Morellato traces vCluster’s origins to a developer problem. Central IT would provision one Kubernetes cluster, maybe two if you were lucky. Developers discovered vCluster worked differently. Deploy vCluster as an app, and suddenly you have your own cluster. Deploy ten of them. IT doesn’t know. They think they gave you one. You’re using ten.

That capability, sharing infrastructure while maintaining isolation, became the foundation for everything that followed.

When GPU workloads arrived, vCluster didn’t need redesign. The same multi-tenancy architecture that lets developers self-serve clusters now handles AI infrastructure demands. Morellato details the technical evolution. Private nodes and auto nodes eliminate manual cluster configuration. vCluster provisions nodes automatically. It creates VMs on platforms like NVIDIA DGX, solving a critical density problem.

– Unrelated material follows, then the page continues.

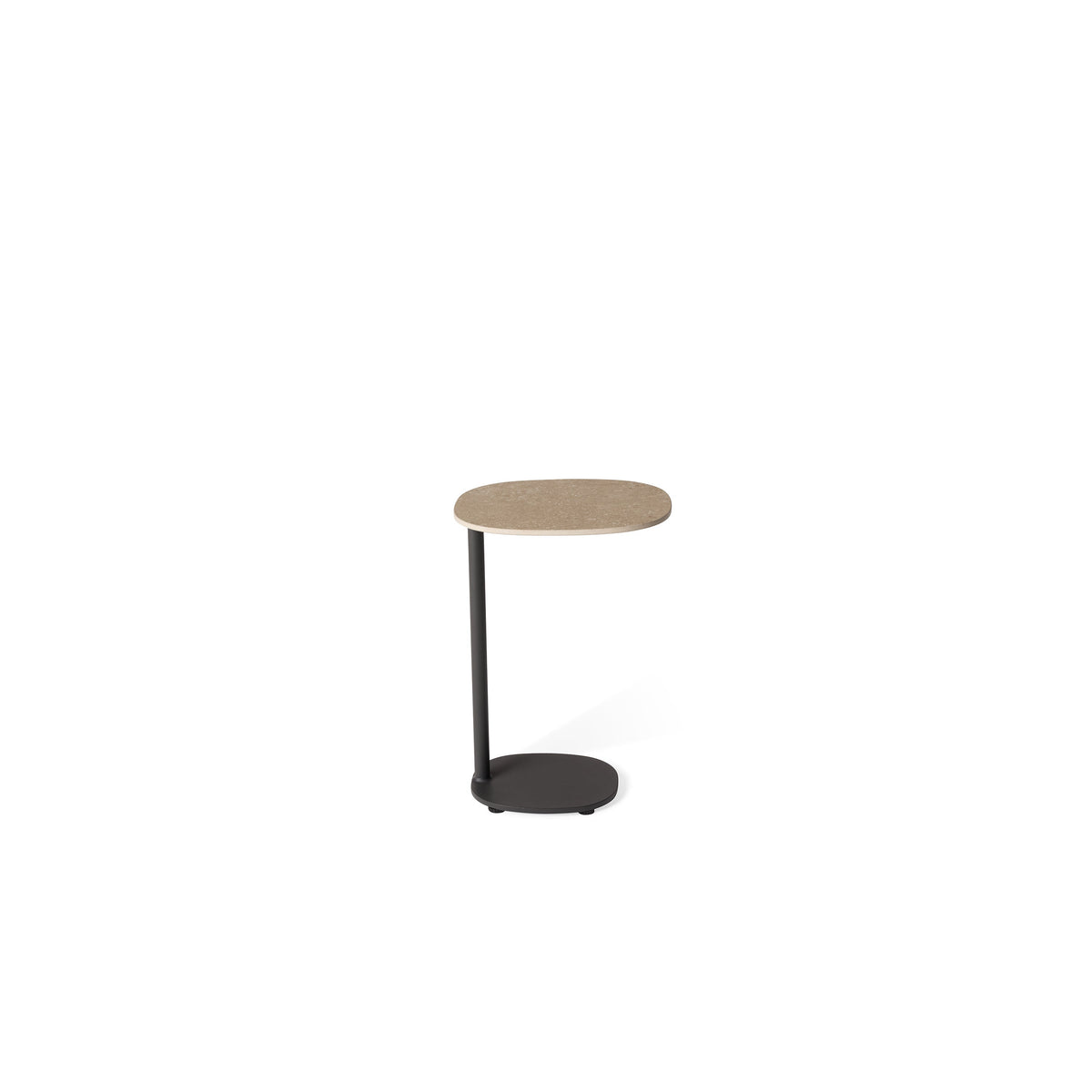 Saratoga Charcoal Aluminum Side Table, frame and base detail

The math matters. Even with 100 gigabytes of RAM, Kubernetes servers max out at 200 pods. If your applications aren’t large, you waste resources. Create VMs, and each one runs 200 pods. Multiply by the number of VMs, and suddenly you’re running thousands of pods efficiently.

Networking segregation operates at layer two and layer three. Different tenants don’t interfere with each other. Storage isolation prevents accidental data access across boundaries. These aren’t AI-specific features. They’re foundational infrastructure capabilities that AI workloads desperately need.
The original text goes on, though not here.